Мальчик исчезает и не появится уже никогда, как и кофе.
Вместо него обнаруживается в глубине под лестницей еще один, прежде
незамеченный прилавок, за которым на полках тусклым старым серебром мерцают…
— А что, Халиль, ты расширил бизнес? Мне казалось, ты
гордился, что занят исключительно шелком.
— Э, какой там бизнес! Небольшая личная коллекция, хабиби…
Ты погляди, что мне на днях достали: старинная благородная вещь. — И через
плечо кивает, и подмигивает, приглашая взглянуть… Взгляд скользит за рукой
Халиля на одну из полок, где… ах, плечом закрывает, плечом…

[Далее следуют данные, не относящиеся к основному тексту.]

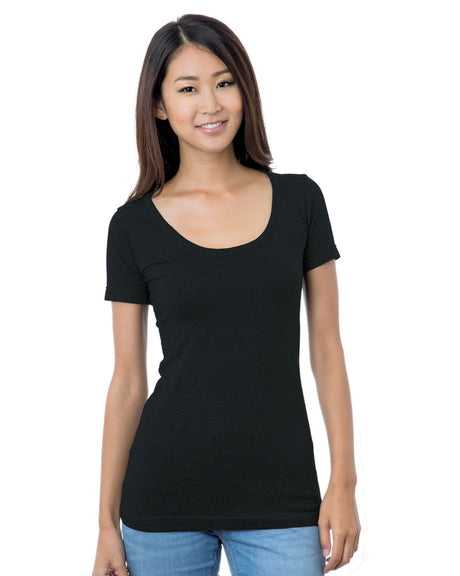 Bayside 3405 Women&#39;s USA-Made Scoop Neck Tee - Black - HIT a Double
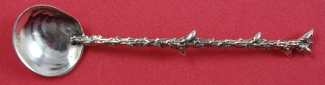Master Salt Spoon / Caviar Spoon (like Narragansett)  coral like handles  shell bowl  4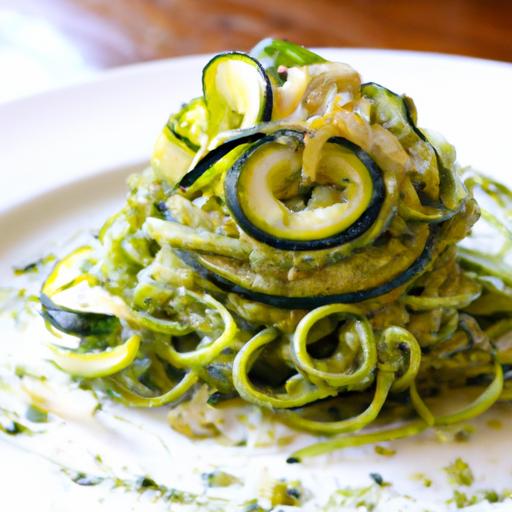 Zesty ⁤Zucchini noodles with Fresh Homemade Pesto delight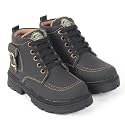 Freeplay Kids Boys Lace-Up Ankle Boots with Buckle Strap | Stylish Casual Outdoor Boots | Anti-Slip Durable Sole | Comfortable Fit | Black, Blue, Green, Tan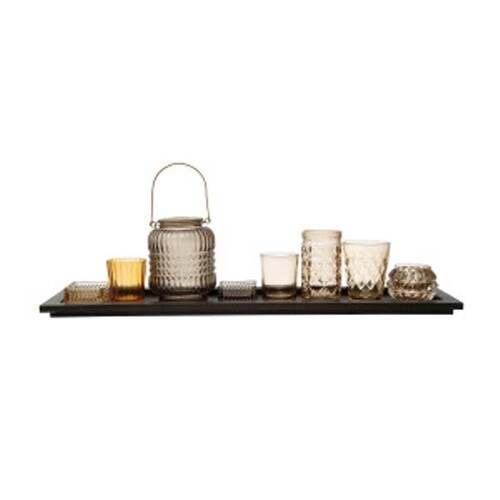 EMBOSSED GLASS TEALIGHT/VOTIVE HOLDERS W/ BLACK FINISH WOOD TRAY,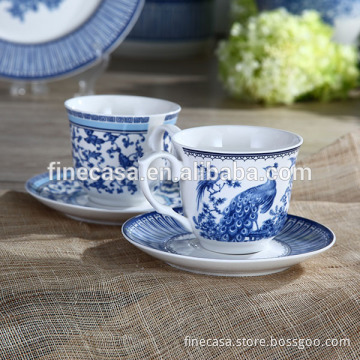 250CC Elegant Peacock Tea Cups and Saucesr of Blue in China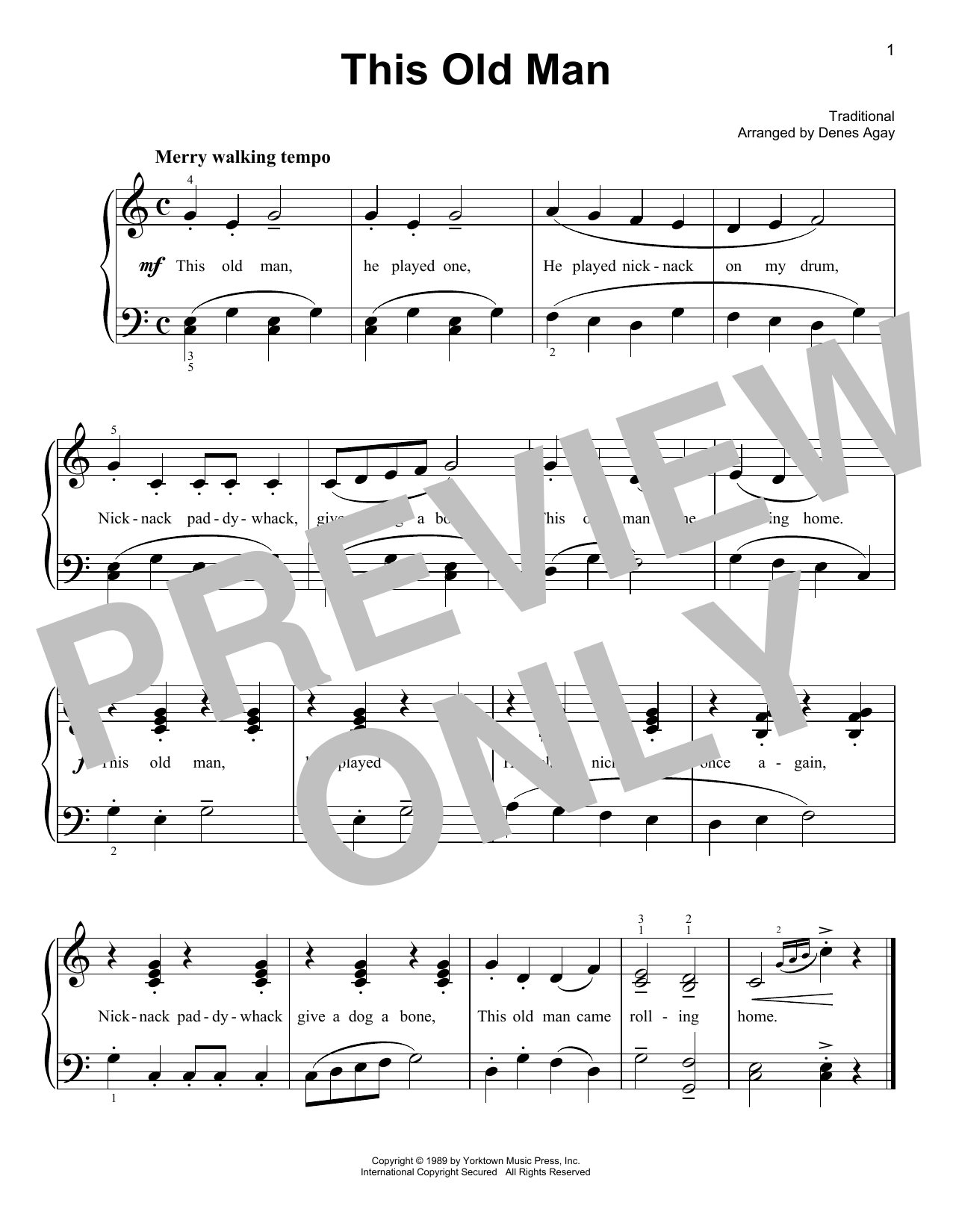 Traditional This Old Man (arr. Denes Agay) sheet music notes and chords arranged for Easy Piano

— Отойди! — кричит Заккарийа, — отойди! —
и с силой отстранив Халиля, — да никакой это, к чертям, не Халиль, а
скупщик, гад, Юрий Маркович, сволочь, прочь!!! — тянет руку за своим
наследным кубком, за уделом своим: прочесть скорее, прочесть, что же там, на
подставке-юбочке выбито?.. А вот оно, вот… — дрожат влажные от волнения
руки: «Последний срок сдачи реферата — в начале марта, коллеги!» И словно
издеваясь, пляшет гравированный галеон-трехмачтовик на крутой волне, и кубок
выпадает из руки — стук! — и прыгает вниз, пересчитывая каждую из стеклянных
полок — звяк! звяк! звяк!
Он открыл глаза… Легкое колыхание ангельски-белого крыла на
широком окне, белые ризы мадонны, палома бланка… О господи, где я? Что это?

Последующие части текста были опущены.